Retired Pilot talks about flying, writing, and teaching
Corporate Flying
September 17, 2014
I have to have a flexible departure time today. Charles wants to have another go at the CBC. Yesterday was airline flying: a fixed departure time that you meet as best you can, and I did. Start was one minute late, takeoff three minutes early, and landing four minutes early, or one minute early on the once enroute projection. I was trying to be where I said I would be, and when. Just like the airline.
Corporate flying must feel like today. I am trying to be ready to go anytime between 9AM and 2PM.
Whoops! I came back from breakfast and the world had changed. A new low on the GFA chart. Snow in Timmins and rain coming to North Bay. I start to look for alternates. Pembrooke. Midlands. Muskoka. Too many north-south runways. The wind, with this low or occluded front or whatever it is, is forecast to veer south-southwest and blow 20-25 knots. The freezing level is about five thousand feet, and icing is now forecast where it hadn't been before breakfast.
It's not working. I step back a pace and say, OK, the alternate has to be Ottawa. I'll have to come back here. That's one problem. Then the freezing level. I had planned for 8000 feet cruise altitude. I'll make it six, and I can go down to four if I need to – the MEA (Minimum Enroute Altitude) is four thousand until Killaloe and then 4300, and if I'm really in trouble with ice the MOCA (Minimum Obstacle Clearance Altitude) is 2800. I don't want it to come to that, though.
The weather is changing so fast there is a new forecast due out in half an hour. I decide to wait for it. But then in 5 minutes my head swings around. If I wait until – let's say – 2PM, the whole operation is just too risky. I would probably wind up back here in Ottawa. But what about the kids I'm going to talk to tomorrow morning? I would miss that opportunity. If I'm going I have to go now.

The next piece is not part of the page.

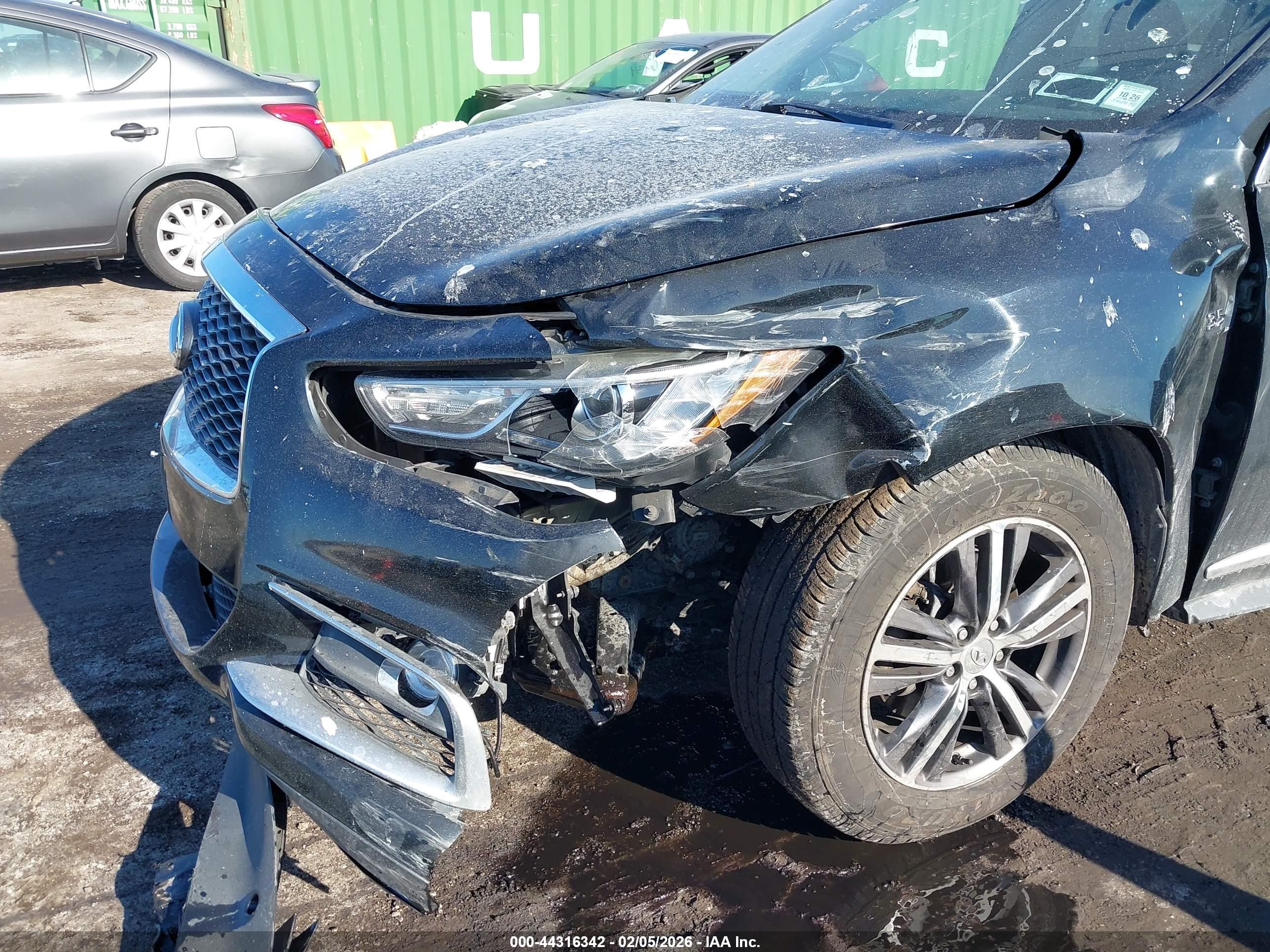 INFINITI QX60 image 6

So I do. The clear morning sky is already clouding over with high layers, the sun disappearing. I fill up with gas so I'll have 5 hours of endurance, re-file my flight plan for 11AM, and take off. Part of the calculation is the wind, and the approaches at North Bay. The ceiling is forecast to be 500 feet, which is fine for the ILS on Runway 08 (200 ft. limits) but iffy for the other approaches with 500-ft. MDA's. So I'm hoping to land on 08 before the wind veers around to 240°.
I'm still in the clear at six thousand, but layers of cloud are approaching rapidly. The good news is the temperature is +3° C. By Renfrew I am in and out of cloud, some of the little cumulus quite bumpy, making hand flying busy.
But there's no ice. The OAT is hovering between 2° and 3° at 6000 feet. The wind is still favouring Runway 08. And I get to do my first ILS with a DME arc – that is, the first using GPS for the arc.
The rain starts as I'm finishing the tie-down. A year ago I made 2 pairs of chocks, spliced eyes in three tie-down ropes and forged three stakes out of rebar. Now I know why.
It was a nasty night in North Bay – steady, soaking rain.